* **Description of the task**: Find, in the records below, the line that contains "MEMORIA DDR3 2GB" and the line that contains "Stari vnosi - Skiro Scooter Barbie Mondo - 3". Copy those two lines and everything between them exactly, but not the pictures.

* **The records**:
--------
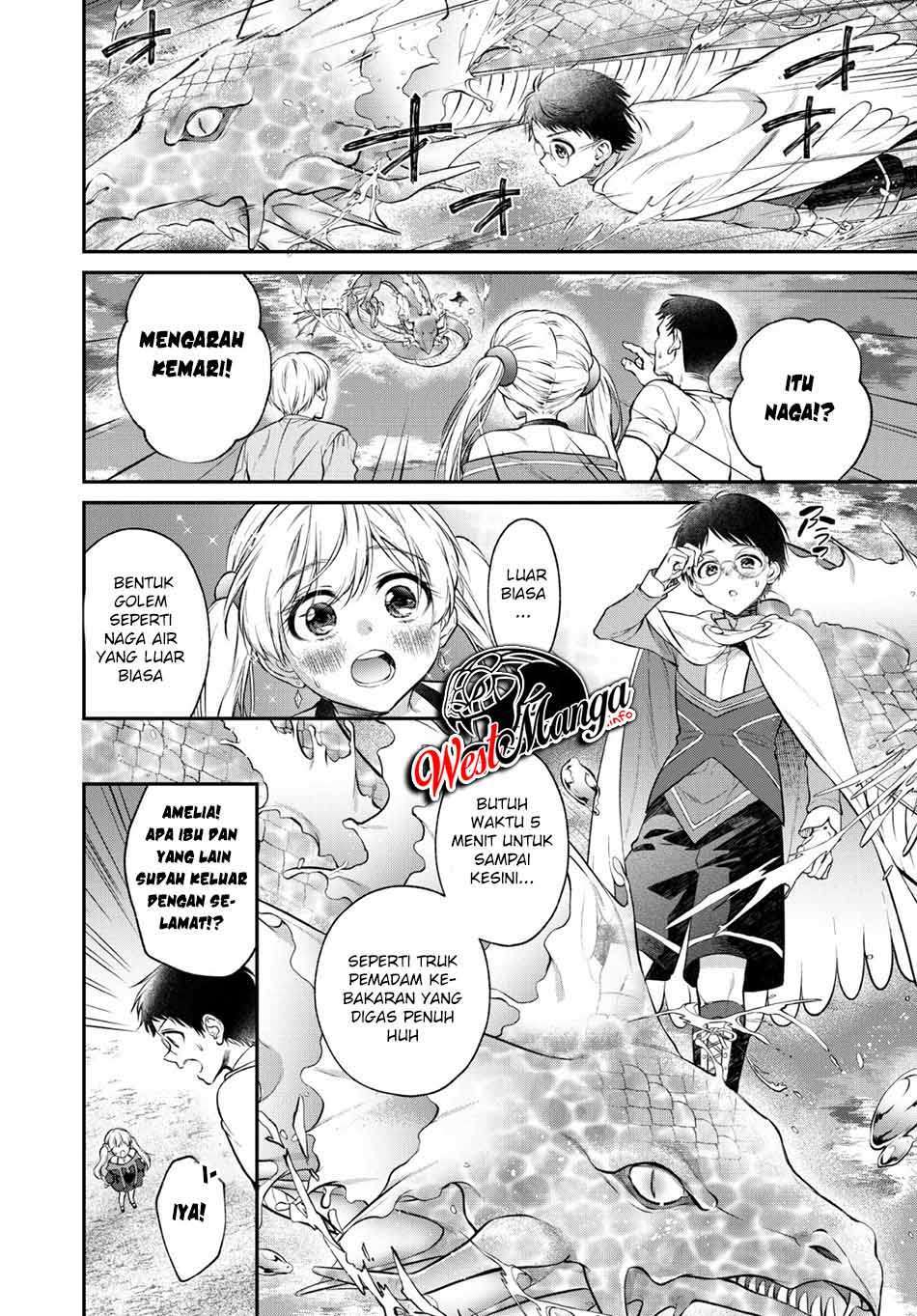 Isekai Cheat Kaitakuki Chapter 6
--------
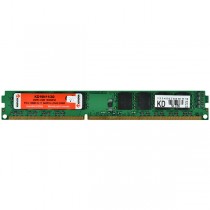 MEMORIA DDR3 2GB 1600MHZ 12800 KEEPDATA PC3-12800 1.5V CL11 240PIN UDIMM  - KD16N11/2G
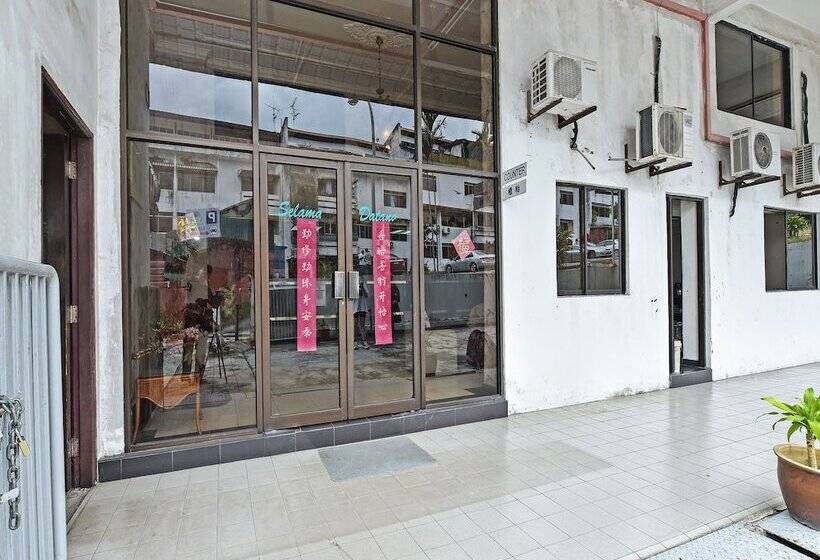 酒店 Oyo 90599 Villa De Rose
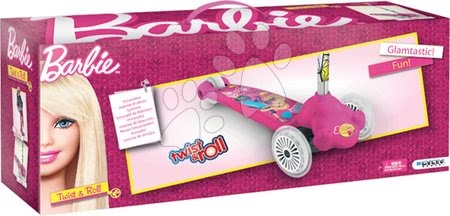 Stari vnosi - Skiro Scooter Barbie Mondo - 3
--------
* **Solution below**:
 MEMORIA DDR3 2GB 1600MHZ 12800 KEEPDATA PC3-12800 1.5V CL11 240PIN UDIMM  - KD16N11/2G
 酒店 Oyo 90599 Villa De Rose
 Stari vnosi - Skiro Scooter Barbie Mondo - 3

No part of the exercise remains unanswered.